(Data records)

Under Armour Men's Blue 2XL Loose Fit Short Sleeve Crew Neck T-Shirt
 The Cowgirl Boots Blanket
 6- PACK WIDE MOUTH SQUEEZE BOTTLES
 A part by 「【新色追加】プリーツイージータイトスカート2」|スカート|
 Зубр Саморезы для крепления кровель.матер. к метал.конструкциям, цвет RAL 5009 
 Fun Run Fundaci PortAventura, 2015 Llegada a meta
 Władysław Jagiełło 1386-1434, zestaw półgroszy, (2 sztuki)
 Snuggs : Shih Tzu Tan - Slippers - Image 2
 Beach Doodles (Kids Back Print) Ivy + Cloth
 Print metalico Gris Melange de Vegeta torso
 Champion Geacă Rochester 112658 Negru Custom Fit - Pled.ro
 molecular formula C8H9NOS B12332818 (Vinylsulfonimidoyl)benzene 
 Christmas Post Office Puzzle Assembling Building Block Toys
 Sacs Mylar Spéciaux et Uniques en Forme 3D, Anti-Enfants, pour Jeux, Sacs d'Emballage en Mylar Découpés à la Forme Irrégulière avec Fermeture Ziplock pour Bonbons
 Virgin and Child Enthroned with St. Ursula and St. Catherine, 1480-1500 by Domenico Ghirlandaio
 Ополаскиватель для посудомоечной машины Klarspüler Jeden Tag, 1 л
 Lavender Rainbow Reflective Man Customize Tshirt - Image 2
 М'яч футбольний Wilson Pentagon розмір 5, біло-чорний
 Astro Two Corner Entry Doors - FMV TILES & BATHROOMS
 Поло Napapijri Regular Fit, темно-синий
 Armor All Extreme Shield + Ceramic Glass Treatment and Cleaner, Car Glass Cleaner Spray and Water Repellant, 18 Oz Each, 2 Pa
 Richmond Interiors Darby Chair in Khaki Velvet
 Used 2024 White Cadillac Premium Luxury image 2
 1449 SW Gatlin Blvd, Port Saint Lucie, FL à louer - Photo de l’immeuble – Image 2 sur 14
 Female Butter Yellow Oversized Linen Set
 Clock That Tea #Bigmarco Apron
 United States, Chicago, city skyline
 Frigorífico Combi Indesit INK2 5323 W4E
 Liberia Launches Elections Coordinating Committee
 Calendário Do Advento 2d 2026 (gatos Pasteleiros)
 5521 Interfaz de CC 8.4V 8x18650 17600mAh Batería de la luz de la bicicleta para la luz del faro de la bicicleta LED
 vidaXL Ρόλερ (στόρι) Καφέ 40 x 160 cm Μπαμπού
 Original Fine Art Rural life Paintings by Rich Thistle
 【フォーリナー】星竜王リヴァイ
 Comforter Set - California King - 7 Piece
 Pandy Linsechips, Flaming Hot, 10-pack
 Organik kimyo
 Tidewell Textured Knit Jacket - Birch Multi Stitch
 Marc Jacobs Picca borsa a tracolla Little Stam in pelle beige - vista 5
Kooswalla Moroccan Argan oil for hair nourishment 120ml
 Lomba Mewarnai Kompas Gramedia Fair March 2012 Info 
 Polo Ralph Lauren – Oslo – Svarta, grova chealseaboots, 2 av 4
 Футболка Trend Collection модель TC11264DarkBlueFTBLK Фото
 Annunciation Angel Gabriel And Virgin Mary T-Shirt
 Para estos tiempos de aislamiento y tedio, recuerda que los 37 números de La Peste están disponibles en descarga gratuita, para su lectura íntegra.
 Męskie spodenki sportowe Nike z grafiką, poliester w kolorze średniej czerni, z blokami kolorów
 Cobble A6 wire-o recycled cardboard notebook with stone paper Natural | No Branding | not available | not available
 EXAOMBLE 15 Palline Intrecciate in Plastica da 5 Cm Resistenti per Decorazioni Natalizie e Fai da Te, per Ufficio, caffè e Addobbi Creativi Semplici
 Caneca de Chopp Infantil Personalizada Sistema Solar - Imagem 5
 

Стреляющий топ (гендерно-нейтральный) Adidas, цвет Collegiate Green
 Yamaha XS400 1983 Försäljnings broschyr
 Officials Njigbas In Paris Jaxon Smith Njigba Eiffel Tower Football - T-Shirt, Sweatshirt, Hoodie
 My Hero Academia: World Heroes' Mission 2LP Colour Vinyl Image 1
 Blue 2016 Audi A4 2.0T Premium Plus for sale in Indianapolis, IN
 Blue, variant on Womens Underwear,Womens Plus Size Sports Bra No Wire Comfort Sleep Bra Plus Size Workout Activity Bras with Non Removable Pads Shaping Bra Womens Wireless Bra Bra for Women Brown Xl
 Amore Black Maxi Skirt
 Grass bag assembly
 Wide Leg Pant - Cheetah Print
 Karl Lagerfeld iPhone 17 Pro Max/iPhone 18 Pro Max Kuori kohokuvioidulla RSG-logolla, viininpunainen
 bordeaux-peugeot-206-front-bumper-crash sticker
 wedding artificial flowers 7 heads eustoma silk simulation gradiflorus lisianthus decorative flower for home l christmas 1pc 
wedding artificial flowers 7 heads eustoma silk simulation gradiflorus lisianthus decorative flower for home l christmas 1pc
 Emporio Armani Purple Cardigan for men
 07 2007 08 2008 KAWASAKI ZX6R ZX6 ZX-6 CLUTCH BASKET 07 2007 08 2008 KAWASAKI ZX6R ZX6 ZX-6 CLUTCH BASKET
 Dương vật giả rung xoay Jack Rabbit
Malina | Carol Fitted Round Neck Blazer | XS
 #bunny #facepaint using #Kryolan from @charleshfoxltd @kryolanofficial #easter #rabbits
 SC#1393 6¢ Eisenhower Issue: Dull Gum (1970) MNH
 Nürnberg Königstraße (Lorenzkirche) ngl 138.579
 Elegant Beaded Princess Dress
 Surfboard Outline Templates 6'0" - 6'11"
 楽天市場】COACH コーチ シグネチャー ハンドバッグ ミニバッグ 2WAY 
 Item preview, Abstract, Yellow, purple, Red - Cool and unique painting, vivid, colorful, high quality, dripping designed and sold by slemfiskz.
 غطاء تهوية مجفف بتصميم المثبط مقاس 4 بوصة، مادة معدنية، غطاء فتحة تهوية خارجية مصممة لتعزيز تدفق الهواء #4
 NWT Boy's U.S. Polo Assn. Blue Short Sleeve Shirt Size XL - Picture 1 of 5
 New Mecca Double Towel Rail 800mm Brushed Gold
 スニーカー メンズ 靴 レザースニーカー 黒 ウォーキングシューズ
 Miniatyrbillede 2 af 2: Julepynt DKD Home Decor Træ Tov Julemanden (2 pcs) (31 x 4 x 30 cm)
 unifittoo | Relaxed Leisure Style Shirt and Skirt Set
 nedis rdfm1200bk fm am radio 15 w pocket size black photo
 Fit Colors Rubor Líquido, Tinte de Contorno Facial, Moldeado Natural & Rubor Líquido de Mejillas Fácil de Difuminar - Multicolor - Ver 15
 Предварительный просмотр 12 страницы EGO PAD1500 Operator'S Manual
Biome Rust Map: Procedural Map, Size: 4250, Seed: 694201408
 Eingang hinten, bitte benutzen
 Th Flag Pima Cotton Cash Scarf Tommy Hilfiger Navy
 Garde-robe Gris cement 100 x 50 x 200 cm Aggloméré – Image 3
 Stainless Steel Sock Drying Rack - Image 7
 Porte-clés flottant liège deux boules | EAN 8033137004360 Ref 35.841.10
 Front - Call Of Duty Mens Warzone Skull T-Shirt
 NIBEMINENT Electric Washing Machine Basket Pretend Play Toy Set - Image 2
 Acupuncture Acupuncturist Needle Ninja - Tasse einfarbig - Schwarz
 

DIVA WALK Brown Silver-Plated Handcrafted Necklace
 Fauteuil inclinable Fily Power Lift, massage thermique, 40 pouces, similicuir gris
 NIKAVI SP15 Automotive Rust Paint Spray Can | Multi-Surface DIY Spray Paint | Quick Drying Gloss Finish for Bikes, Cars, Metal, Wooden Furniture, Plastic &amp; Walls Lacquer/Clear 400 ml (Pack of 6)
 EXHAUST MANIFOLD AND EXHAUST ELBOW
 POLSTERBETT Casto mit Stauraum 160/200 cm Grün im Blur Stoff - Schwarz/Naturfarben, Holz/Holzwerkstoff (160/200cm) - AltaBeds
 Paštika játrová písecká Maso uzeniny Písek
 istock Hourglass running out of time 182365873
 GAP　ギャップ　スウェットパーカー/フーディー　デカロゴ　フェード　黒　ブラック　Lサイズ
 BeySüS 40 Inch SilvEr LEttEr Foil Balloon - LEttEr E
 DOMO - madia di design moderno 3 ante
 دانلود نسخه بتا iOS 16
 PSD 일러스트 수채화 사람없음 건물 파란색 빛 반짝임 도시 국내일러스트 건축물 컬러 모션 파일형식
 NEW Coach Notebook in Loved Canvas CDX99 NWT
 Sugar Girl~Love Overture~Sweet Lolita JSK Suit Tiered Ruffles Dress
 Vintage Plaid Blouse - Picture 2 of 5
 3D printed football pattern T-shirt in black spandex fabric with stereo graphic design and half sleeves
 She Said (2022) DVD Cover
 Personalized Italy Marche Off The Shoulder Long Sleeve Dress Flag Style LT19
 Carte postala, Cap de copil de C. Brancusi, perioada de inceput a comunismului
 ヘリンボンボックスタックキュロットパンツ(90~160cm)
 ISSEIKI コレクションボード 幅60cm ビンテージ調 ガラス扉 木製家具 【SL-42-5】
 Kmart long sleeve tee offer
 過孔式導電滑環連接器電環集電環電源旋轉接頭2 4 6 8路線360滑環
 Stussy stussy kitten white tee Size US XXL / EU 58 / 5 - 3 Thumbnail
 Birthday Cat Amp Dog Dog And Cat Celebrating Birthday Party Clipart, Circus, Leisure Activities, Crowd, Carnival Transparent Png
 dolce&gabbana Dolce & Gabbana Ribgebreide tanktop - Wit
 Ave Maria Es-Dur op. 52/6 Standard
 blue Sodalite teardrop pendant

*Exercise details*: May I have exactly the lines from the one containing "NIKAVI SP15 Automotive" through the last line of the data, both included?

*Answer below*:
 NIKAVI SP15 Automotive Rust Paint Spray Can | Multi-Surface DIY Spray Paint | Quick Drying Gloss Finish for Bikes, Cars, Metal, Wooden Furniture, Plastic &amp; Walls Lacquer/Clear 400 ml (Pack of 6)
 EXHAUST MANIFOLD AND EXHAUST ELBOW
 POLSTERBETT Casto mit Stauraum 160/200 cm Grün im Blur Stoff - Schwarz/Naturfarben, Holz/Holzwerkstoff (160/200cm) - AltaBeds
 Paštika játrová písecká Maso uzeniny Písek
 istock Hourglass running out of time 182365873
 GAP　ギャップ　スウェットパーカー/フーディー　デカロゴ　フェード　黒　ブラック　Lサイズ
 BeySüS 40 Inch SilvEr LEttEr Foil Balloon - LEttEr E
 DOMO - madia di design moderno 3 ante
 دانلود نسخه بتا iOS 16
 PSD 일러스트 수채화 사람없음 건물 파란색 빛 반짝임 도시 국내일러스트 건축물 컬러 모션 파일형식
 NEW Coach Notebook in Loved Canvas CDX99 NWT
 Sugar Girl~Love Overture~Sweet Lolita JSK Suit Tiered Ruffles Dress
 Vintage Plaid Blouse - Picture 2 of 5
 3D printed football pattern T-shirt in black spandex fabric with stereo graphic design and half sleeves
 She Said (2022) DVD Cover
 Personalized Italy Marche Off The Shoulder Long Sleeve Dress Flag Style LT19
 Carte postala, Cap de copil de C. Brancusi, perioada de inceput a comunismului
 ヘリンボンボックスタックキュロットパンツ(90~160cm)
 ISSEIKI コレクションボード 幅60cm ビンテージ調 ガラス扉 木製家具 【SL-42-5】
 Kmart long sleeve tee offer
 過孔式導電滑環連接器電環集電環電源旋轉接頭2 4 6 8路線360滑環
 Stussy stussy kitten white tee Size US XXL / EU 58 / 5 - 3 Thumbnail
 Birthday Cat Amp Dog Dog And Cat Celebrating Birthday Party Clipart, Circus, Leisure Activities, Crowd, Carnival Transparent Png
 dolce&gabbana Dolce & Gabbana Ribgebreide tanktop - Wit
 Ave Maria Es-Dur op. 52/6 Standard
 blue Sodalite teardrop pendant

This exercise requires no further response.